Court Recognizes Claim Brought by African-American, Latino, and Asian-American Voters in Georgia’s Most Diverse County

A federal district court judge in Georgia agreed that a coalition of plaintiffs representing minority communities has the right to claim the method of electing local officials in Gwinnett County, Georgia denies them from participating equally in electing local officials.

In her opinion in Georgia State Conference of the NAACP v. Gwinnett County Board of Registrations and Elections, Judge Amy Totenberg rejected the County’s argument that claims under Section 2 of the Voting Rights Act are limited to members of a single minority group. Judge Totenberg noted that the Eleventh Circuit and other courts have held that coalition claims are permissible so long as the racial groups are politically cohesive.

“This case is yet another example of how voting discrimination remains rampant across the State of Georgia,” said Kristen Clarke, president and executive director of the Lawyers’ Committee. “The court’s ruling recognizes that all minority voters have access to protection under the Voting Rights Act if they are denied an equal opportunity to participate in the political process. From our litigation against Georgia’s illegal registration cutoff for federal runoff elections to its recent racial gerrymander of two State House districts — one of which is in Gwinnett County — much work remains to be done to combat voting discrimination and voter suppression in the state.”

Judge Totenberg also ruled that Gwinnett County’s standing-related challenges are moot because the Plaintiffs filed an amended version of the complaint recently in response to a separate court order. The County will have the opportunity to raise its standing argument again in a subsequent pleading.

Gwinnett County is a majority-minority county according to the 2010 Census, yet no minority candidate has ever won election to a county-level office, including the Board of Commissioners and the Board of Education.

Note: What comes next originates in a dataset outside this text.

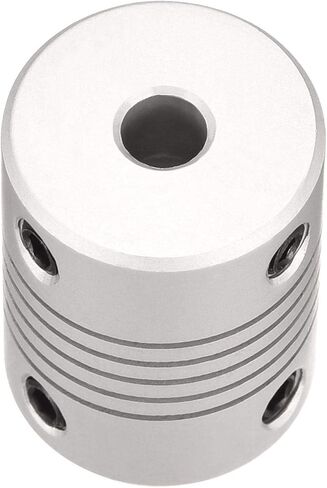 uxcell 5mm to 8mm Aluminum Alloy Shaft Coupling Flexible Coupler Motor Connector Joint L25xD19 Silver,2pcs in Kuwait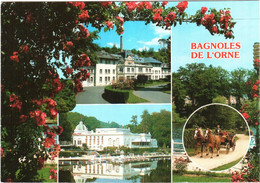 CPM 61 (Orne) Bagnoles-de-l'Orne - Le Casino, Le Lac Et La Station Thermale, Multivues TBE - Casinos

In their complaint, the Plaintiffs allege that two majority-minority Board of Commissioners districts should be drawn to give African-American, Latino and Asian-American voters an opportunity to elect candidates of their choice. The Plaintiffs in this case include the Georgia State Conference of the NAACP, the Georgia Association of Latino Elected Officials (GALEO), and nine Gwinnett County voters.

“When minority voters coalesce to form a coalition, they should be protected by the Voting Rights Act,” said Jerry Gonzalez, GALEO executive director. “GALEO is glad that the case moves forward to ensure minority voters in Gwinnett County will be protected against vote dilution.”

The current Board of Education district map assigns approximately 74.4 percent of the African-American, Latino and Asian-American voters to District 5 and splits the balance of the minority population across the other four districts where African-Americans, Latinos and Asian-Americans do not constitute a majority of the population.  The complaint alleges that the Board of Education districts should be re-drawn to include a second majority-minority district so that minority voters have a fair opportunity to elect candidates of their choice to the Board of Education.